Dans cette partie d’échecs entre l’exécutif et le Parlement, qui met en péril l’existence même de la nation haïtienne, aucun des protagonistes n’est innocent. La responsabilité est partagée entre le président de la République et les parlementaires du GPR qui, petit à petit, sont en train de s’ériger en véritable force d’opposition. Cependant, il revient au chef de l’État de lancer la réconciliation afin d’établir un pacte de gouvernance représentatif de la volonté populaire qui l’a placé aux commandes du pays, tout en tenant compte des recommandations des secteurs organisés du corps social. Divorcer d’avec le « sétoupamisme » et constituer un gouvernement d’ouverture qui travaillera dans l’intérêt de la communauté, voilà le rêve à vendre, ou du moins la réalité pour laquelle doit œuvrer monsieur le Président. Pour cela, des sacrifices s’imposent. Le chef de l’État, comme le soutient le Washington Post, doit se libérer de l’influence de son cercle d’amis et élargir son groupe de « conseillers ».

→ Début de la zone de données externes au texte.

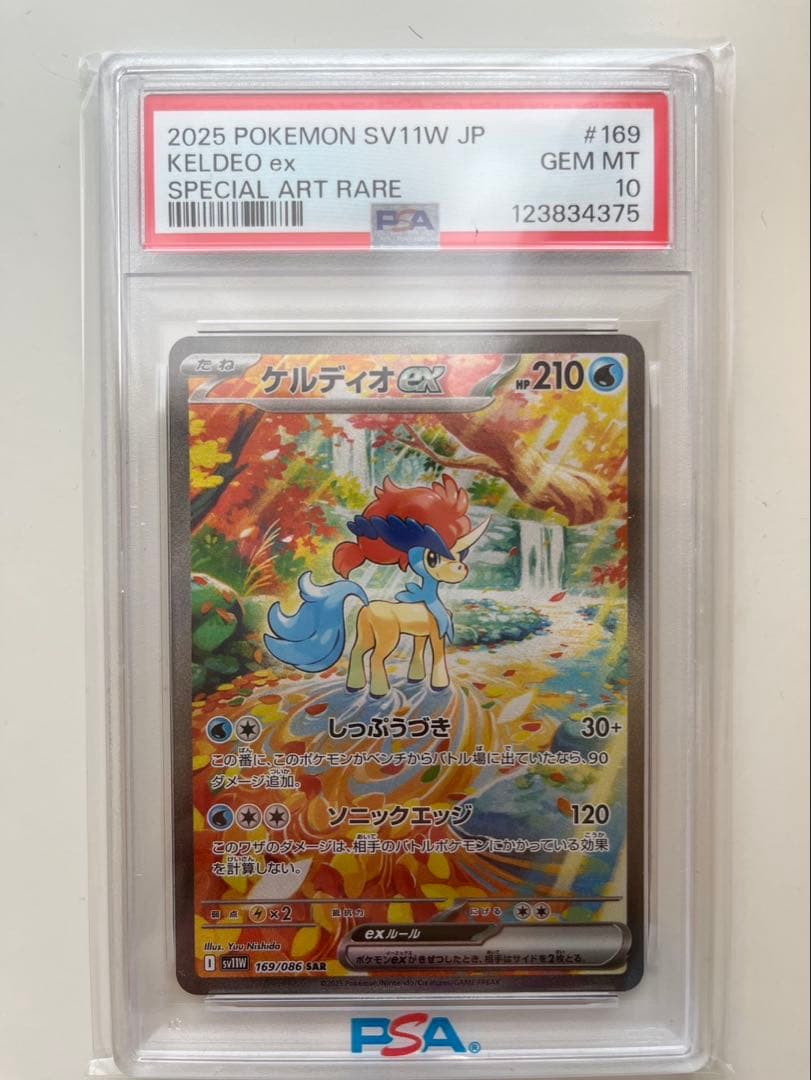 【PSA10】ゲルディオex 【安心鑑定可能】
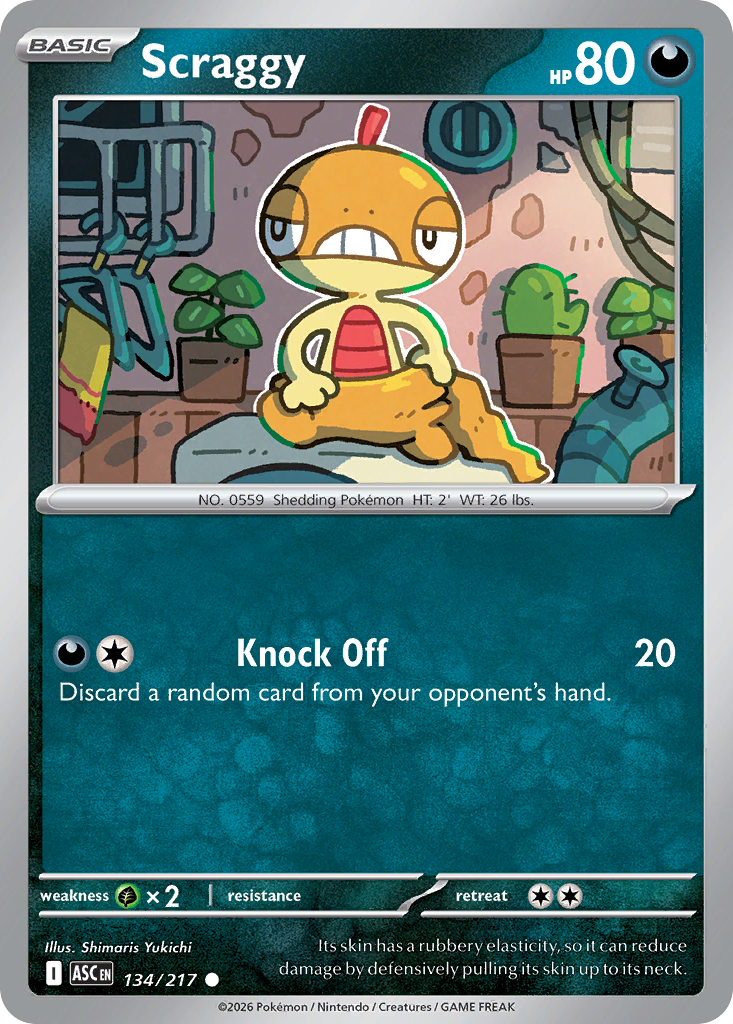 Scraggy - 134/217 - EN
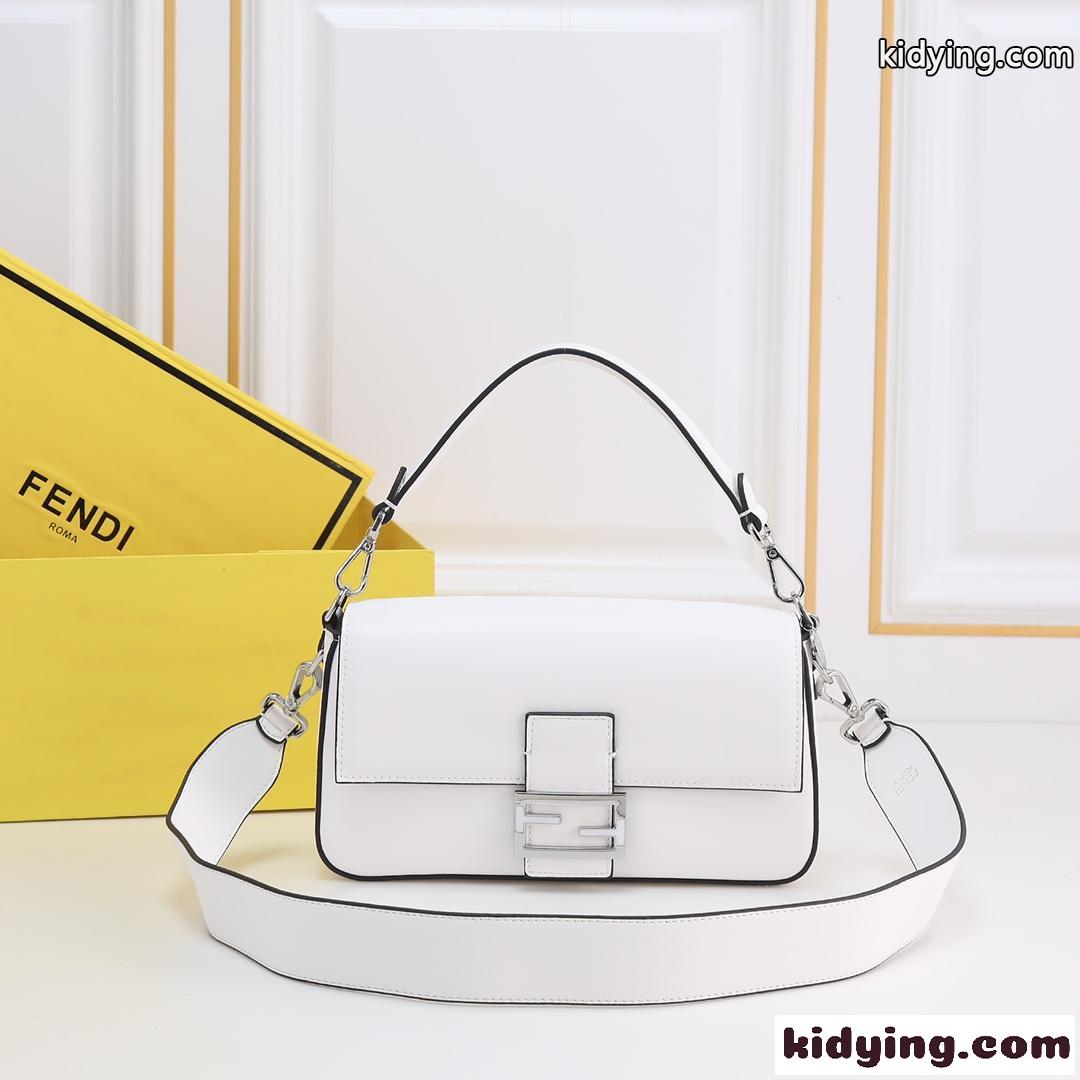 Fendi X Tiffany&Co 限定コラボ バケット フェンディ バッグ 人気 コピー ショルダーバッグ ホワイト-1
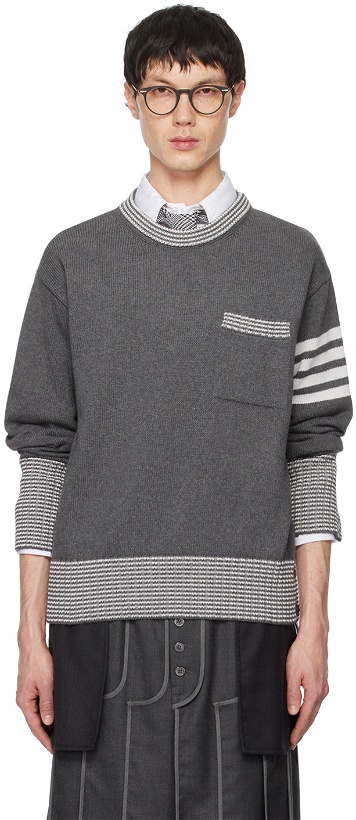 Photo: Thom Browne Gray Hector Sweater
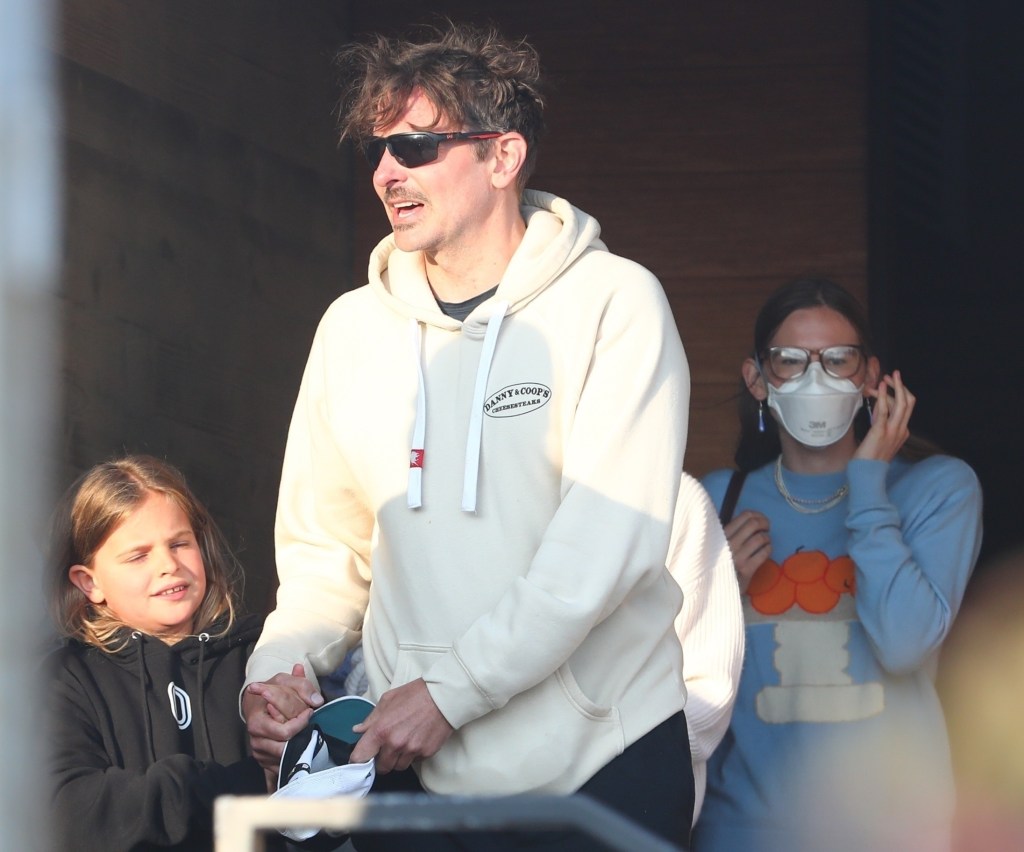 Bradley Cooper and his daughter, Lea, with Jennifer Garner's daughter Violet at Nobu in Malibu, Calif.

Tout comme la communauté internationale, le peuple haïtien est fatigué de la politique mesquine qui se pratique au sommet de l’État. Les signaux que nous envoyons aujourd’hui sont plus que négatifs. La presse haïtienne n’est en rien responsable de ce triste feuilleton. Le temps est donc venu d’effacer cette image de pays à la dérive, politiquement grincheux et dépendant.
L’inacceptable ne peut être la règle, ni l’échec une constante des chefs d’État haïtiens. L’espoir de réussite est encore là. Aussi mince qu’il puisse être. Haïti ne peut attendre trois mois de plus sans Premier ministre. Alors au diable les rancœurs idéologiques et les coups bas ! Nous avons une nation à sauver. Sortons de notre boue !

Lionel Edouard
doulion29@yahoo.fr
http://www.lematinhaiti.com/contenu.php?idtexte=25281&idtypetexte=

Commentaire
Je vois déjà plus d'un patriotard, se plaignant contre un tel titre. Comme si celui qui l'utilise avait recours À une image inappropriée pour qualifier une situation autre que celle qui existe réellement. La vérité est que ce journaliste a vu juste. Dans le sens le plus littéral du terme, les villes les plus importantes de ce pays, en commençant par la capitale, se trouvent à patauger dans la boue. Moralement (dans la double dimension éthique et psychologique du terme) le pays se trouve au point le plus bas. On n'a qu'à lire sur le visage des citoyens qui circulent dans ces rues poussiéreuses et nauséabondes pour comprendre jusqu'à quel point la politique mal appliquée peut détruire, ravager, anéantir non point seulement un territoire, mais plusieurs génération. Ces politiciens n'ayant rien à offrir car les vrais politiciens, les professionnels ayant déserté, il ne reste que les autres, ceux qui sont là parce qu'ils ne savent rien faire d'autre. Ce sont ceux qui font accroire que politiser, c'est improviser. Et ce sont eux aussi, les meurtriers de millions d'hommes, de femmes et d'enfants. Leur vie étant un échec total, ils ont juré de ne laisser de chance à personne. Ce n'est pas inutilement que de tels échantillons sont prêts à donner leur vie pour barrer la route aux politiciens vrais, aux plus capables, aux mieux qualifiés. Leur avenir dépend de la somme d'argent qu'ils auront accumulée quand tout était perdu pour eux, quand ils n'avaient aucun autre espoir.
La politique est leur moyen de réhabilitation. C'est la différence avec ceux qui en ont la vocation et la plupart du temps la qualification pour l'exercer. Pauvre Haiti!